*** Provided material
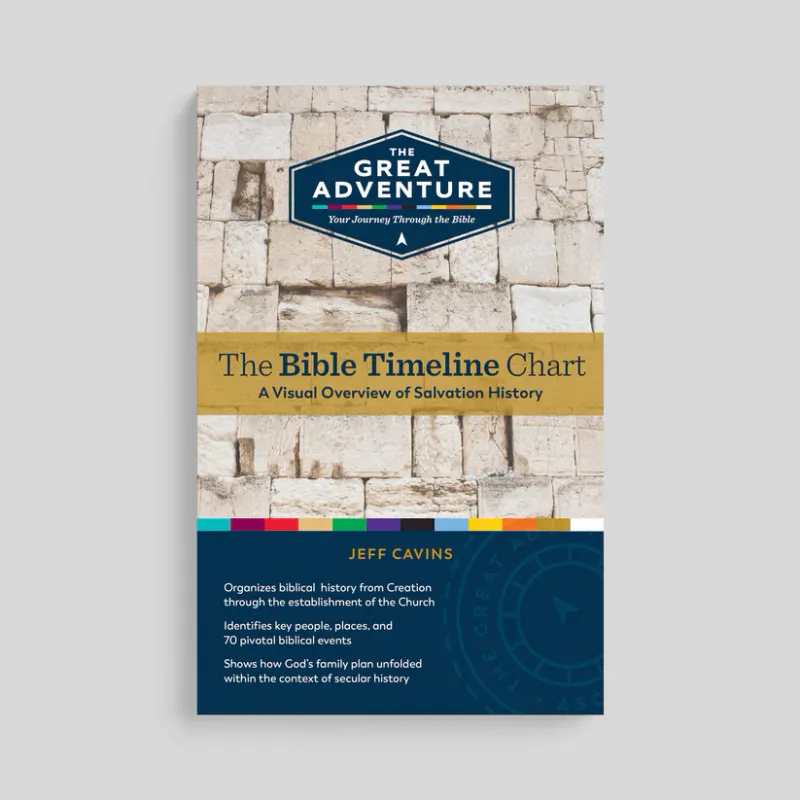      The Bible Timeline Chart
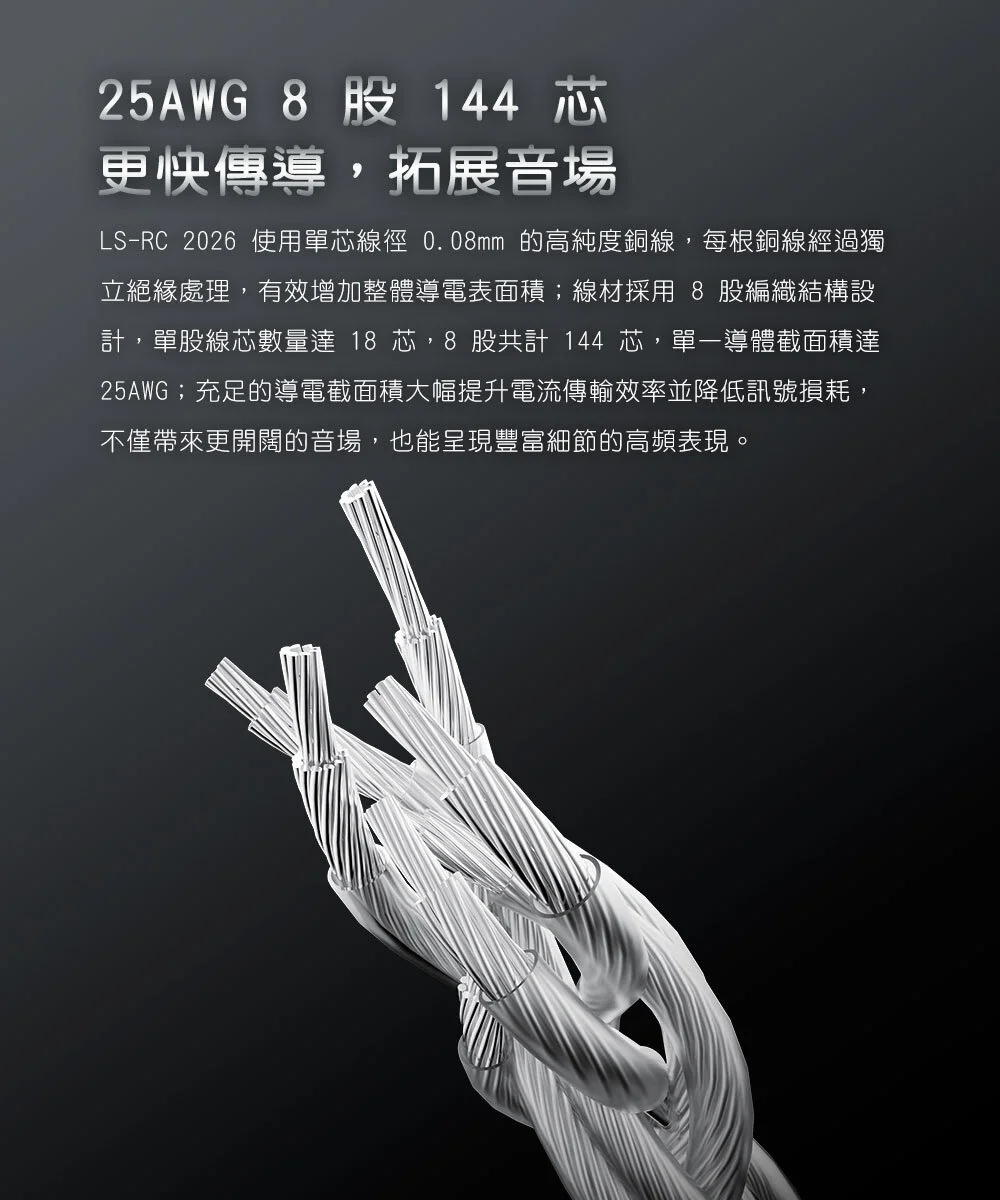 【FIIO LS-RC】單晶銅鍍銀可換插頭 CIEM 耳機升級線(2026版)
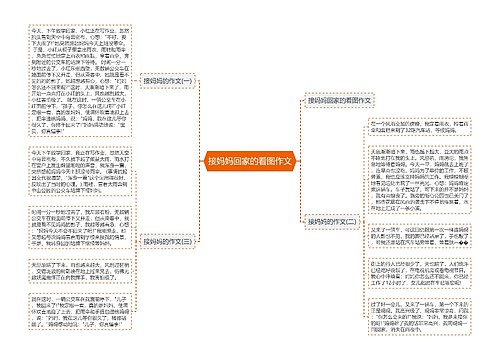 接妈妈回家的看图作文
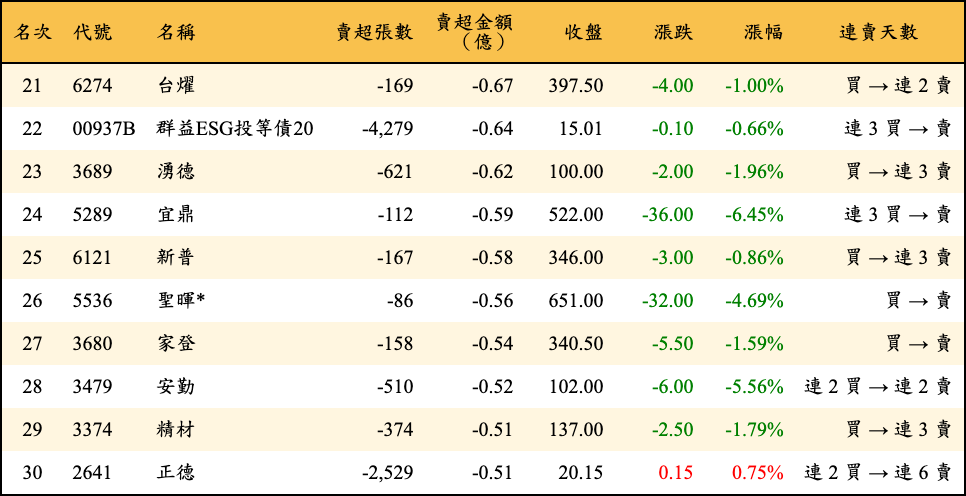 賣超張數及金額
******
The data should be printed again unchanged; leave its pictures out.

      The Bible Timeline Chart
 【FIIO LS-RC】單晶銅鍍銀可換插頭 CIEM 耳機升級線(2026版)
 接妈妈回家的看图作文
 賣超張數及金額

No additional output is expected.